Tuesday, March 8, 2011

i cannot do this alone...

... and i am finally ready to admit that.

yesterday, i was having a really bad day. like, bad of epic proportions. i did not want to go to WW. i had stepped on the scale on Sunday and it hadn't moved since last week, and after the trying experience of none of my clothes fitting in the closet... let's just say i had a bad feeling that if i heard "you're up" this time that it would start a downward spiral that i wasn't confident i could recover from.

after reaching out on Facebook (sometimes, i can overshare but 99% of my friends on Facebook are from WW), i got a lot of response including from my meeting leader. she reached out to me via private message and reassured me. she told me to focus on the positive, and forget about the negative things - like gaining 80 pounds in less than four years' time. i have been OBSESSED about that lately - i feel like such a failure for letting myself go so far down the path. i am so close (actually, probably over it) my all-time high weight. i am disgusted. i am disappointed. i am defeated.

after much soul-searching, and a lot of encouragement from some totally awesome friends (Jan, Nancy, Jen, and Tara), i sucked it up and i went with my friend Colleen. we had committed to each other that we would force each other to go even when things got tough - and i felt like if i didn't go, i was letting her down.

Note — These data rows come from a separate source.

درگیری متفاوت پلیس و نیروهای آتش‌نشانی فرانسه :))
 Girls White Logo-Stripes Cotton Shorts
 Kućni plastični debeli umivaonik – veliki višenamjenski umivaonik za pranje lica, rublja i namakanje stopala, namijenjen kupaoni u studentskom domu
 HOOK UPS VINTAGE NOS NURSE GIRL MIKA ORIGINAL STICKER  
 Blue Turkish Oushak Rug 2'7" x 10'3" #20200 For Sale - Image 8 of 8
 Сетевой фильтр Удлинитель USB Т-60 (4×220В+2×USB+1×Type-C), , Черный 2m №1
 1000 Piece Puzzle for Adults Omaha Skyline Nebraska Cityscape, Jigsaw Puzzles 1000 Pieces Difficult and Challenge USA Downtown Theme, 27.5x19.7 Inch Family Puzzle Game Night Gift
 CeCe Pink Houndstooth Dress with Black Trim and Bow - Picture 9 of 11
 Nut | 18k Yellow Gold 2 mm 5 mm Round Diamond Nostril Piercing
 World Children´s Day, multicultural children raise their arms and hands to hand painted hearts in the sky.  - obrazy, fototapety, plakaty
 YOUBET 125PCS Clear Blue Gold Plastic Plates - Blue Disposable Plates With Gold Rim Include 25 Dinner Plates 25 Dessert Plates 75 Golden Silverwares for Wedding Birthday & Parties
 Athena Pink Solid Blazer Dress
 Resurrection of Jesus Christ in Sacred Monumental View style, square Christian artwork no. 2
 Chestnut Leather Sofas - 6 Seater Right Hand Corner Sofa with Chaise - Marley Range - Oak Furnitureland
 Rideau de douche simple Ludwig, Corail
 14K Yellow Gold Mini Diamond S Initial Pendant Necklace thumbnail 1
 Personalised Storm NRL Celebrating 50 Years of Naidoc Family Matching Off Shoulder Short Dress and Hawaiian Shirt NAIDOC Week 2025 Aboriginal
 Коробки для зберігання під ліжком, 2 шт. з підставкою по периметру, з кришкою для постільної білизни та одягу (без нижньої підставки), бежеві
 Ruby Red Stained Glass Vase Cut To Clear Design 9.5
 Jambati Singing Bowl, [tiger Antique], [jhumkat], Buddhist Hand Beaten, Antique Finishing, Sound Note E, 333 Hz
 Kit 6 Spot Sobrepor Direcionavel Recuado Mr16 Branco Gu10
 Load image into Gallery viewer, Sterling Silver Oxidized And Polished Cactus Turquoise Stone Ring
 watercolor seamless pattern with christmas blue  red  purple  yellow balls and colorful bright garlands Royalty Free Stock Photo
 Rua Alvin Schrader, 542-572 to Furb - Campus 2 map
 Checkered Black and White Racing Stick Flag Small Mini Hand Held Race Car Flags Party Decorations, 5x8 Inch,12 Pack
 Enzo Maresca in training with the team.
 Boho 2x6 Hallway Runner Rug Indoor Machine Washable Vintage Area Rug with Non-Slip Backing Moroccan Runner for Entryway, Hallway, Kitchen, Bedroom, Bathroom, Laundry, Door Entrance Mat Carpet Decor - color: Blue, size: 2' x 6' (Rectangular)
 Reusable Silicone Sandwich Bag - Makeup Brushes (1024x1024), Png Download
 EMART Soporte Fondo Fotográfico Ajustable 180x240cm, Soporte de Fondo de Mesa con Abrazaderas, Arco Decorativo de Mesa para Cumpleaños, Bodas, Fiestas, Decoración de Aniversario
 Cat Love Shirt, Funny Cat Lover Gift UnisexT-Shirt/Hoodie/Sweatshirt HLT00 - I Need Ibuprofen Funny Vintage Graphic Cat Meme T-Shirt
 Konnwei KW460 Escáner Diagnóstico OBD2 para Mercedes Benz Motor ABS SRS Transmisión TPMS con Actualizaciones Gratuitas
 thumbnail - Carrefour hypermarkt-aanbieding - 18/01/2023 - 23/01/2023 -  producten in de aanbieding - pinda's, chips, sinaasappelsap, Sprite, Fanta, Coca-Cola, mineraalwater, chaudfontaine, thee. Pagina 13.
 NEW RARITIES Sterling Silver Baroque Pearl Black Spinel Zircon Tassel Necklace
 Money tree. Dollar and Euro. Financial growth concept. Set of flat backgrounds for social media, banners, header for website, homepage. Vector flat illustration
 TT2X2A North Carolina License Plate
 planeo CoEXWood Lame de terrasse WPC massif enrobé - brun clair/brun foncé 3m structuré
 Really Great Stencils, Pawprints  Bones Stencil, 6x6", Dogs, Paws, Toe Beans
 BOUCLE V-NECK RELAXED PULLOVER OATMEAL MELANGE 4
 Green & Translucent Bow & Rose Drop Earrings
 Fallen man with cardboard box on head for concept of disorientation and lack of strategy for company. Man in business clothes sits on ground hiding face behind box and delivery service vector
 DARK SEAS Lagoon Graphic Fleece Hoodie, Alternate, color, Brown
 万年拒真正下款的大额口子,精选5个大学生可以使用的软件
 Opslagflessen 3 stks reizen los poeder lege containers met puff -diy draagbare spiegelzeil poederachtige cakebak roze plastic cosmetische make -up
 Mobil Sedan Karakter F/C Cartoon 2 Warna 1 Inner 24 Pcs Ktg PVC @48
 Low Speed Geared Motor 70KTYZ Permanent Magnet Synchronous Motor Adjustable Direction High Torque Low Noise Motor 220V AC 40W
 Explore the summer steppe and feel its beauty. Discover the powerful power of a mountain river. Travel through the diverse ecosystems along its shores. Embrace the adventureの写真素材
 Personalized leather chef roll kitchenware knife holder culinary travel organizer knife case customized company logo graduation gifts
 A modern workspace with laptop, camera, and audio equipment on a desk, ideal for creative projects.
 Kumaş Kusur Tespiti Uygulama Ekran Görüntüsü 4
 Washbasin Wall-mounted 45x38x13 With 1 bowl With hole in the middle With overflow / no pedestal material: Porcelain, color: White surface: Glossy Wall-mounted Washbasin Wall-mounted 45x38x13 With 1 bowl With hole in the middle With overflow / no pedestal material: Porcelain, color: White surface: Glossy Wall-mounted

i stood on the scale, after taking off my cardigan, earrings, and any other weight-bearing items and waited. with my breath held. really... i started turning blue and almost passed out. after what seemed like an eternity, the scale lady said, "one pound." i looked at her, and asked "up or down?" she laughed and said "DOWN, silly." i didn't believe her! my friend cheered. actually CHEERED in the weigh-in area. i felt like a hundred pounds was immediately lifted from my shoulders.

i have to learn how to listen to others, and stop listening to the evil demon in my mind that tells me i'm a failure. i have to learn to NOT let the scale dictate my emotions, or how i feel about myself. and most importantly, i have to embrace this as an experience, not a freaking torture.

another lesson learned: do not ever try on clothes when you have PMS. it will not end well. you just have to trust me on this.

1 comment:

  1. I love love love you have such good friends cheering you on and I hope one of them gives you the occasional dopeslap that I would if I didn't live so far away.
    Now get rid of the home scale...way too much stress for you.